Food is always a worry when I host kids from places where the cuisine is superior to American grub (that is, just about everywhere). I'm sure that poor Angie, our Roman exchange student, never recovered from the shock of her “tubs o’ pasta” meal at Bucca. And we found out too late that the Chinese are creeped out by the ramming of dirty fists into a communal bowl, so the hesitancy of last year’s Nanjing student to dig into the popcorn on movie night suddenly became clear. Next year, I’ll ask for a kid from a place where they eat nothing but dried yak meat from the floor of their mud huts, and I’ll be a culinary hero.
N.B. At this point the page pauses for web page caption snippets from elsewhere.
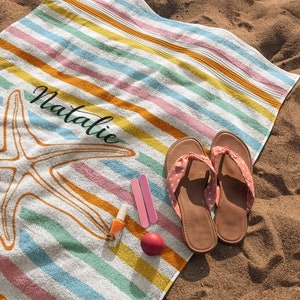 Puede incluir: Una toalla de playa a rayas de colores con un dise&ntilde;o de estrella de mar y el nombre "Natalie" impreso en ella. La toalla est&aacute; sobre una playa de arena con un par de chanclas rosas y esmalte de u&ntilde;as.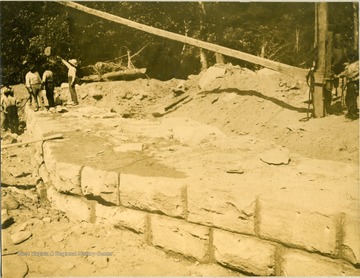 Unidentified workers building an abutment for a railroad bridge.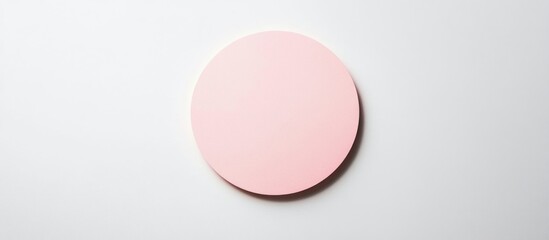 Minimalist round pink object on white background with ample negative space for text placement Copy Space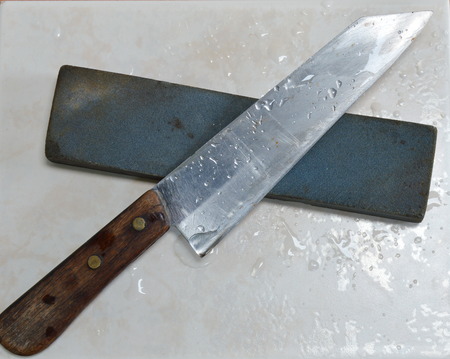 knife and whetstone on tile floor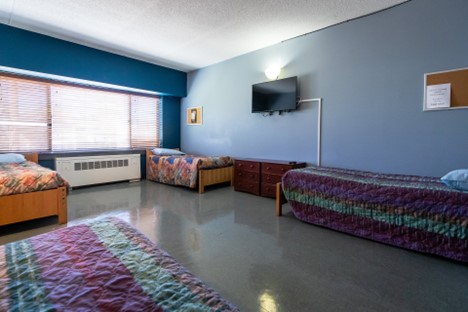 Interior therapy space with educational displays, multiple activity stations, and natural lighting for group therapeutic programs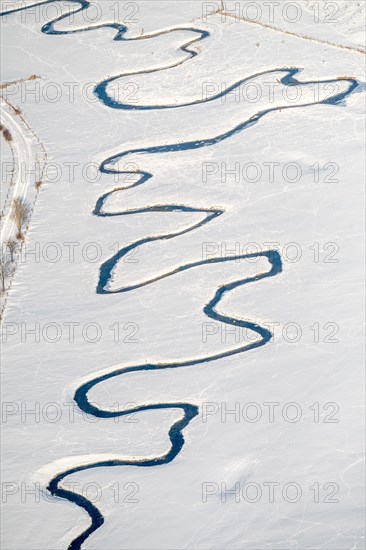 Meandering river Mohne in the snow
Still, I tried to sustain them as best I could, dutifully packing turkey-sandwich lunches for the girls each day, until they politely asked that they be allowed to make their own walk up to the market, and came home laden with 7UP, doughnuts and fruit. They did like my thin-crust, homemade pizza, though. One of them told me that the Nanjing Pizza Hut was where her parents took her for a treat, but that she liked mine more. Beating out the fine folks at Yum! Brands may not be that difficult, but I decided to take it as a compliment.
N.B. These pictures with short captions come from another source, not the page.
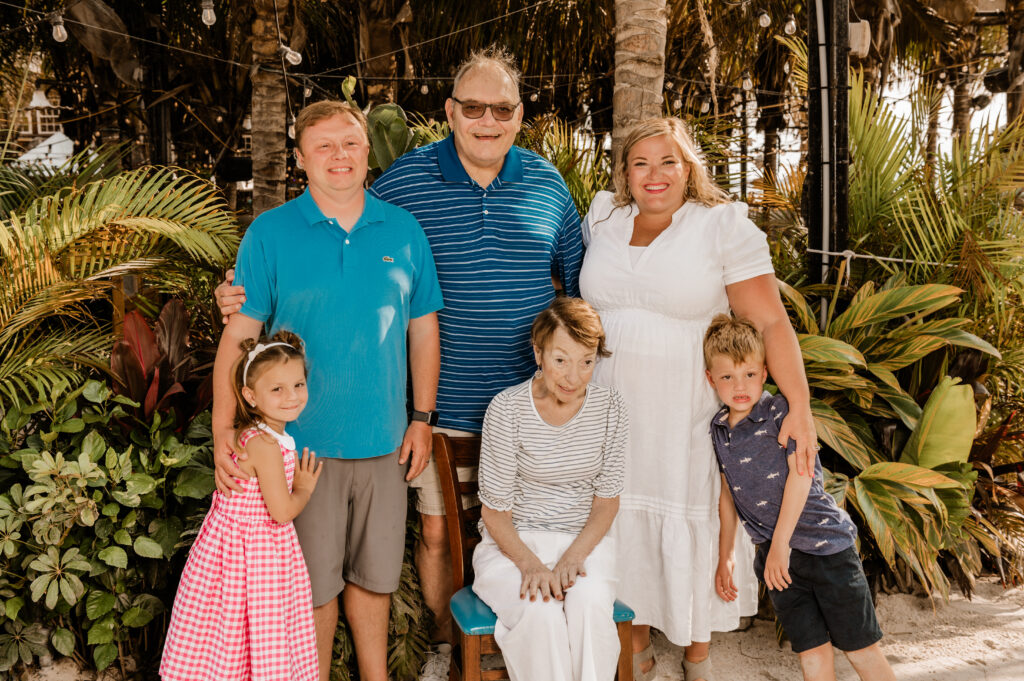 a family posing for a picture on the beach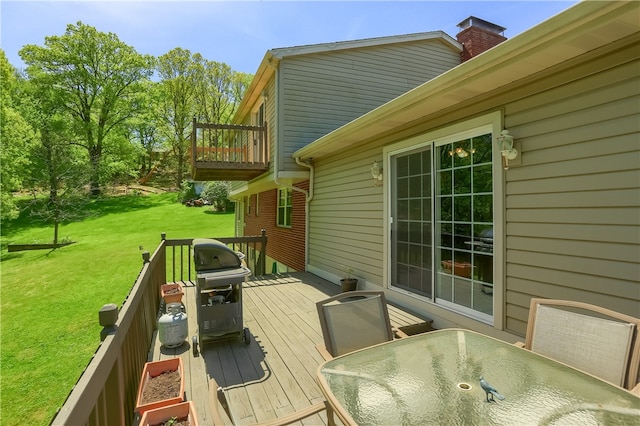 wooden deck featuring a yard and area for grilling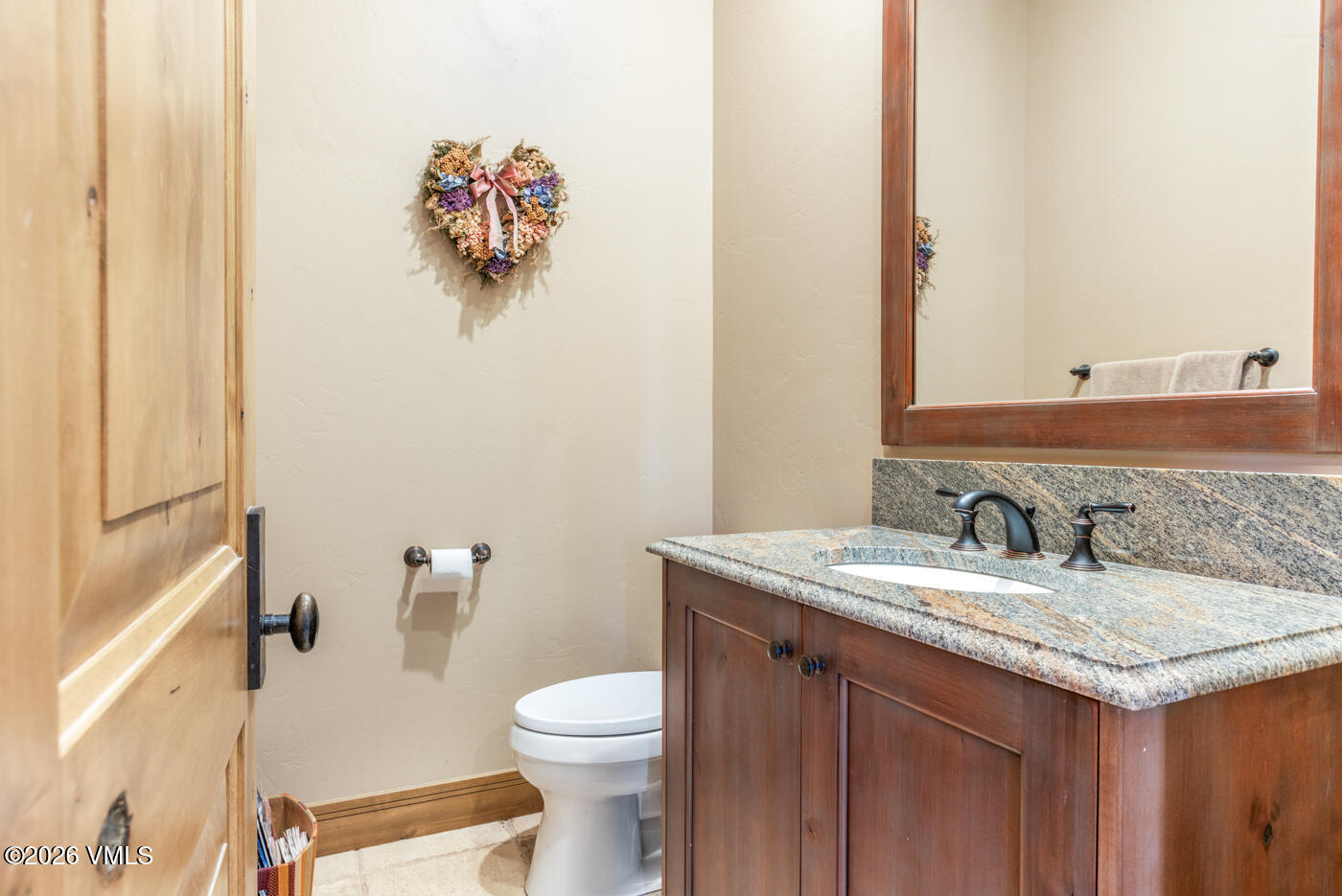 34900 Colorado River Road McCoy, CO 80463 - Photo 32 of 46 a bathroom with a granite countertop sink and a mirror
During the visit, Emma continued her quest to learn every possible Mandarin insult and curse word, which ought to win her a lot of fast friends when she’s studying in Beijing this fall. I had my own experience with cross-cultural cursing, too, if an unintended one. Stepping out into the blasting heat of a summer evening, I said “holy moley,” and then explained to Vicky (they pick English names in the sure knowledge that we’d mangle theirs beyond recognition) that this was an American exclamation. She knit her brows, then said in her impeccable, BBC-level English, “I have heard before of holy shit, but not this holy moley. Are they similar?” When I stopped laughing, I tried to explain the difference, but the nuance of which curse can be used in which circumstances is difficult. Just ask Emma. She’s been reading “Dirty Words in Chinese” for months (yes, it was a birthday present and yes, I’m a bad mother, but I knew it would please her), and she said she still managed to pick up several handy new foul-mouthed pointers from the Nanjing group.
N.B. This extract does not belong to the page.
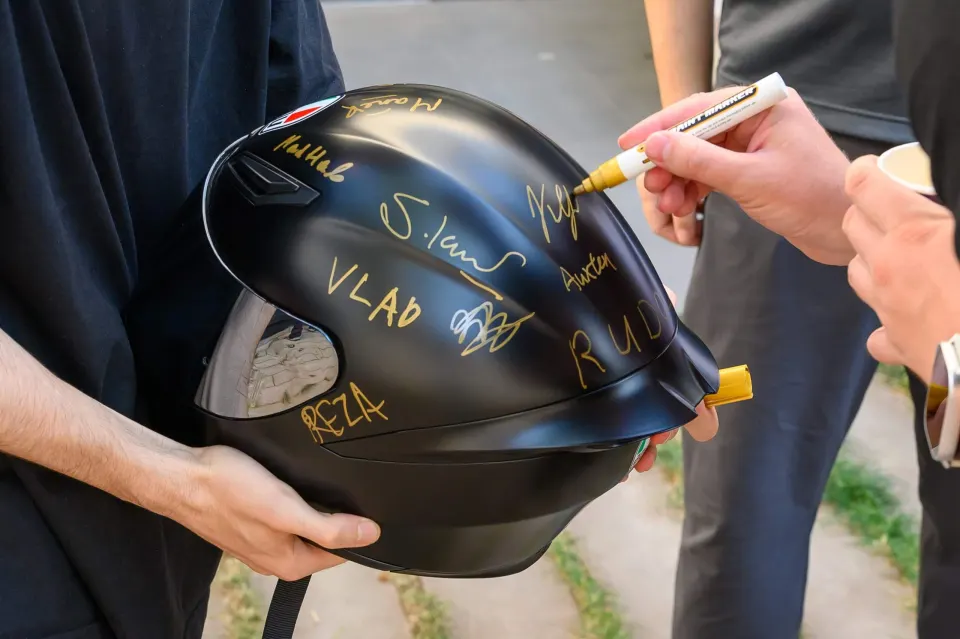 A speaker signing the helmet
My only complaint during their visit involved that six-person bathroom situation. I don’t know if it was the shock of travel, the heat, or my awful turkey sandwiches, but the girls seemed to be shedding fistfuls of hair all over the place. I’m used to one head of lustrous teen-aged Chinese hair releasing follicles onto the tilework, but the addition of two more heads seemed to increase output by much more than a factor of three.

I’d still have to say that the extra cleanup was worth it. I scoured the bathroom yesterday, and it’s good as ever (which is not a high standard of sanitation, let me just say). I almost miss that smiling gentleman from the Darlie toothpaste tube looking up at me each morning. He may have been offensive, but he sure was dapper, and that's not a word I get to use very often, much as I'd like to.

Come to think of it, maybe it’s the racist toothpaste that’s making their hair fall out. I’ll send some tubes of Crest along with Emma when she heads to Beijing this fall.  I don’t want her Chinese host family to suffer through shedding all year long. It will be all they can do to survive the cursing.